CloudWatch Monitoring & Alerting
Implementing CloudWatch Monitoring for VPC Resources
ℹ️ What is CloudWatch Monitoring?
Amazon CloudWatch provides monitoring and observability for your AWS resources. For VPC environments, CloudWatch helps you track network performance, security events, and resource utilization to ensure optimal operation.
Key Metrics to Monitor
🔍 VPC-Related Metrics:
- NAT Gateway: Bandwidth utilization, packet drop count, connection attempts
- VPN Connections: Tunnel state, data transfer metrics
- EC2 Instances: Network performance, CPU, memory utilization
- VPC Flow Logs: Security events, traffic patterns
Setting Up NAT Gateway Monitoring
-
Access CloudWatch console:
- Navigate to CloudWatch console
- Select Metrics from the left navigation
- Click All metrics
-
Browse NAT Gateway metrics:
- Click AWS/NATGateway
- Select Per-NAT Gateway Metrics
- Choose your NAT Gateway IDs
-
Key NAT Gateway metrics to monitor:
- BytesInFromDestination: Data received from destination
- BytesOutToDestination: Data sent to destination
- PacketDropCount: Packets dropped by NAT Gateway
- ActiveConnectionCount: Active connections through NAT Gateway
Creating CloudWatch Alarms
-
Create alarm for NAT Gateway packet drops:
- Select PacketDropCount metric
- Click Create alarm
-
Configure alarm conditions:
- Statistic: Select Sum
- Period: Select 5 minutes
- Threshold type: Select Static
- Condition: Select Greater than
- Threshold value: Enter 100 (adjust based on your requirements)
-
Configure alarm actions:
- Alarm state trigger: Select In alarm
- SNS topic: Create new topic or select existing
- Topic name: Enter
VPC-Alerts
- Email endpoints: Enter your email address
- Click Create topic
-
Name and create the alarm:
- Alarm name: Enter
NAT-Gateway-Packet-Drops
- Alarm description: Enter
Alert when NAT Gateway drops packets
- Click Create alarm
VPC Flow Logs Analysis
-
Create custom metric from Flow Logs:
- Navigate to CloudWatch console
- Select Log groups
- Find
/aws/vpc/flowlogs
- Click Create metric filter
-
Configure metric filter for rejected connections:
- Filter pattern: Enter
[version, account, eni, source, destination, srcport, destport, protocol, packets, bytes, windowstart, windowend, action="REJECT", flowlogstatus]
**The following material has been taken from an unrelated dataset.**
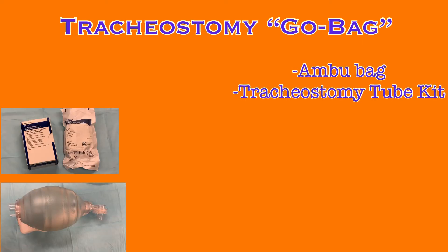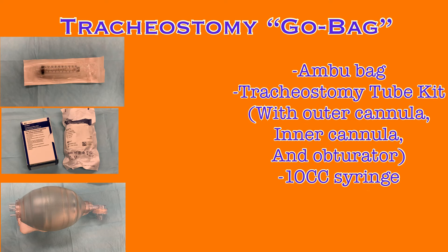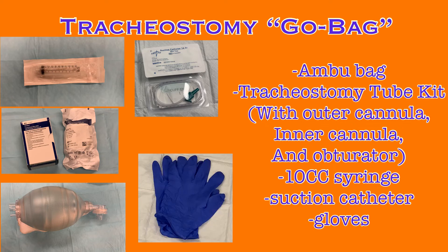Before the patient leaves with transport, ensure they have their tracheostomy go bag with them and that it is fully stocked. The go bag is a collection of supplies that should always be with the patient in case of a respiratory emergency when they are away from the room. They should have an Ambu bag, a full tracheostomy tube kit of the same size currently in place or one size smaller — including the outer cannula, inner cannula, and obturator — so that a new tube can be placed quickly if necessary. They will also need a 10cc syringe so the cuff can be inflated if the patient requires ventilation, a suction catheter, and gloves. These items should remain with the patient at all times while away from the room.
- Test pattern: Click to test with sample data
- Click Next
-
Define metric details:
- Filter name: Enter
Rejected-Connections
- Metric namespace: Enter
VPC/Security
- Metric name: Enter
RejectedConnections
- Metric value: Enter
1
- Click Create metric filter
Dashboard Creation
-
Create CloudWatch Dashboard:
- Navigate to Dashboards
- Click Create dashboard
- Dashboard name: Enter
VPC-Monitoring-Dashboard
- Click Create dashboard
-
Add widgets to dashboard:
- Click Add widget
- Select Line chart type
- Click Configure
-
Configure dashboard widgets:
- Metrics: Add NAT Gateway metrics, VPN metrics, EC2 metrics
- Period: Set appropriate time periods
- Title: Give descriptive titles to each widget
- Click Create widget
Production Monitoring Best Practices
🔍 Essential Alarms for Production:
NAT Gateway Alarms:
- PacketDropCount > threshold
- ErrorPortAllocation > 0
- ActiveConnectionCount > 80% of limit
VPN Connection Alarms:
- TunnelState != UP
- TunnelIpAddress changes
EC2 Instance Alarms:
- CPUUtilization > 80%
- NetworkPacketsIn/Out anomalies
- StatusCheckFailed > 0
💡 Monitoring Strategy:
- Proactive: Set up predictive alarms before issues occur
- Comprehensive: Monitor all critical components
- Actionable: Ensure alarms lead to specific remediation steps
- Cost-Aware: Balance monitoring coverage with costs
🔒 Security Monitoring:
Flow Log Patterns to Monitor:
- High volume of rejected connections
- Unusual outbound traffic patterns
- Connections to suspicious IP addresses
- Port scanning attempts
- Data exfiltration indicators
📊 Performance Baselines:
- Establish normal operating ranges for all metrics
- Set up anomaly detection for unusual patterns
- Create custom metrics for business-specific KPIs
- Implement automated responses where appropriate
💰 Cost Optimization:
- Use metric filters to reduce log storage costs
- Set appropriate retention periods for different log types
- Leverage CloudWatch Insights for complex queries
- Consider exporting data to S3 for long-term analysis
⚡ Operational Excellence:
- Create runbooks for common alarm scenarios
- Implement automated remediation where possible
- Regular review and tuning of alarm thresholds
- Integration with incident management systems